After the flood, there's just a few of them. They're told to fill the earth, be fruitful and multiply. And then God in Genesis 9, verse 5 and 6 says this. Surely for your lifeblood I will demand a reckoning from the hand of every beast I will require it, from the hand of man. From the hand of every man's brother I will require the life of a man. Whoever sheds man's blood, by man his blood shall be shed. For in the image of God he made man. Did you get that?

Why? For in the image of God he made man. Now what I just read predates the law, predates Moses, predates the children of Israel, predates all the patriarchs, Abraham, Isaac and Jacob. By the time we get to Moses and the law of Moses, God will give and largely in chapter 21 of Exodus, 18 different crimes for which the death penalty is prescribed.

Righteously administered judicial execution. Okay, that's a hot topic today. Not everybody agrees on this. It's a subject of debate. Even people in the church are polarized over it.

We have been for a long time. Back in 1969 it was abolished in Great Britain. 15 of our states in America including District of Columbia outlaws it.

38 states however to some degree have instituted the death penalty for certain crimes. I do believe that every society has the responsibility to rehabilitate criminals, to restore them and I would say that none can do a better job of that than the Church of Christ. If anybody should be willing to forgive and to restore and to bring back if possible into society to redeem them, it's the church.

However, having said that, when a government, when a state becomes more concerned about the rights of the criminals than the rights of the victims, that's wrong. In fact, it's sin according to the Bible. Now often the dissent here in the argument is, well that's Old Testament, that's not New Testament.

Well you might be surprised to know the answer to that. I'm going to give you just one striking example. Paul the apostle was on trial for crimes leveled against him that he did not commit. And so here's Paul before a Roman court and all of these charges are against him.

And listen to the apostle speak, listen to his words. This is Acts 25. For if I am an offender or if I have committed anything deserving of death, I do not object to dying. Now it's one thing to agree with the death penalty when somebody else is on trial. It's another thing when you say, if I'm guilty, kill me. And that's essentially what Paul said in the New Testament.

Okay I just touched on that, that's just enough to stir some of you up. Let me move to the second one that we looked at in Deuteronomy, the combat zone. What about military involvement? What about in armed forces?

What about law enforcement? Which stand should I take? Well you got an option. Option number one, the pacifist. Now the pacifist will say all war is always wrong because God said in the 10 commandments, thou shalt not kill.

Again that's a misinterpretation of it. It's really thou shalt not murder. That's the pacifistic position.

Second is activism. You got to overhear pacifism. War is always wrong all the time because God said don't kill. On the other end of the spectrum you have activism, which says I must engage in every war that my government is engaged in because God has given human government for me to obey and if I don't obey the laws of the land I disobey God. They will quote Romans 13 which says let every soul be subject to governing authorities.

Whoever resists the authority resists the ordinance of God. So you got this option, complete pacifism, it's always wrong. Complete activism, it's always right. You got another option, selectivism.

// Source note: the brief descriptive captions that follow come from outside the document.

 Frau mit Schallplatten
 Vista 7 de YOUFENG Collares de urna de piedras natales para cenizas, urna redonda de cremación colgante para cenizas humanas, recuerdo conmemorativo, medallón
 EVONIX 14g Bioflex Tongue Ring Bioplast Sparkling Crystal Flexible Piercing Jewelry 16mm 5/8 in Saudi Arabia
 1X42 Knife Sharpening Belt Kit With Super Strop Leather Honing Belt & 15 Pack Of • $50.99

Now maybe that's not even a word but it is now. Selectivism says that not all wars that governments engage in are always just. Case in point, the Nazis. When the Nazis waged war using the German regime it was not just and so you had dissenters like Dietrich Bonhoeffer and others who came out against it. Or the Khmer Rouge in Cambodia with Pol Pot some years ago. And there are numerous examples of governments who have gotten involved in illegitimate, wrong, dictatorial, unjust wars.

But the selectivist will also say sometimes war is justified in the case of self-defense or standing against a greater evil. Now we struggle with this and we're not the only ones to struggle with it. Everybody struggles with it. In fact did you know the early church struggled with it?

And here was their struggle. How can I be involved in the Roman military if I'm a follower of the Prince of Peace? And so from that struggle came eventually a position known as the just war tradition. Some of you have heard of that, the just war tradition. That has dominated the view of most Christians for the last 1600 years, the just war tradition.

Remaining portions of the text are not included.